You “gotta” hand it to those councillors and their continued concern regarding former homeless people living in trailers, on “flood plain”. Now in Vancouver, no such “concern”. The July 5, 2014 edition of the Vancouver Sun reports:
“Some of the most expensive and densely developed land in Vancouver has been designated as flood plain, including significant areas around False Creek, a new map issued by the city Thursday, reveals.”
Courtenay councillors should be rushing to Vancouver to inform them of the dangers of this type of thing. They are spending hard-come-by tax dollars to ensure trailers for former homeless be removed from that type of land; surely Vancouver council ought to be doing the same.
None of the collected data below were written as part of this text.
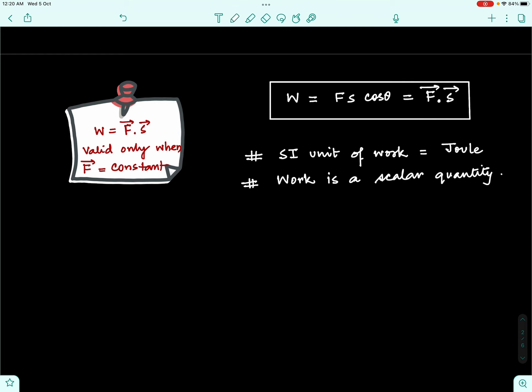This definition is valid only when the force acting on the body is constant. If the force changes with time, the expression will have to be modified, which we shall see in upcoming lectures. The SI unit of work is the same as that of energy. Work is a scalar quantity — this follows from the fact that work is the dot product of two vectors, force and displacement, and a dot product is always a scalar. Work has no direction associated with it.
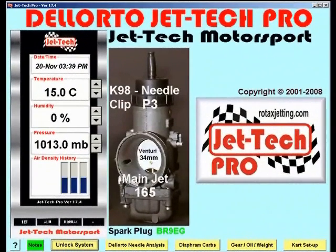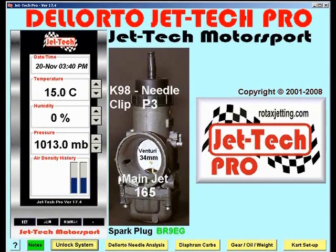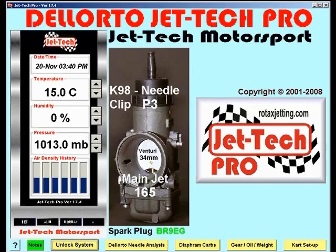This is a brief tour of the latest evolution of JetTech Pro. Version 17.4 for the 2008 season will be released in early December of this year. It will be available as a free upgrade to existing Pro users and as a new purchase from the worldwide network of JetTech development partners and of course from RollTaxJetting.com.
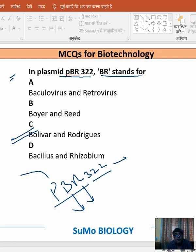It is an artificial plasmid developed in a lab. P stands for plasmid, B for Bolivar, R for Rodriguez, and 322 is the number. I hope it answers the question — you should go with option number C: Bolivar and Rodriguez. Thank you.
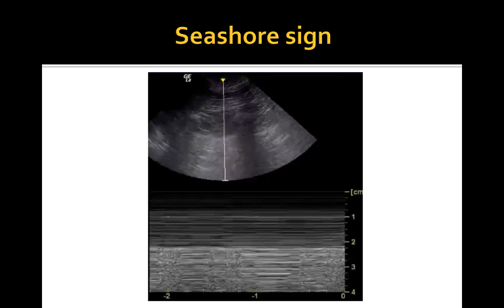The presence or absence of lung sliding can be graphically depicted using M-mode Doppler. A normal image will depict waves on the beach or a seashore sign. Closest to the probe, the stationary lateral chest wall demonstrates a linear pattern, while medial to the pleural line the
The City of Vancouver’s solution: issuing bylaw amendments requiring future buildings to be raised approximately one metre. Oh, and yes, they will keep building.
Various publications during the time informed the following areas had no dyke protection at all: Burrard Inlet, Coal Harbour, English Bay, False Creek, Spanish Banks, Mud Bay, Howe Sound.
Areas which had dykes but required upgrades included all communities along the Fraser River, i.e. Maple Ridge, Pitt Meadows, New Westminster.
Are these communities attempting to remove anyone from their homes? Are these councils taking landowners to court to remove their homes? No. Not only are no “moves” being made by councils; developers are continuing to build and develop some of the most expensive homes in the world.
I would suggest Courtenay council rush over to the Lower Mainland and explain to them all the dangers they face and how they can get with the agenda and attempt to force people out of their homes.
Oh, right, all those homeowners on the Lower Mainland are millionaires by virtue of owning these homes. Here in Courtenay, not so much. Does make me wonder though.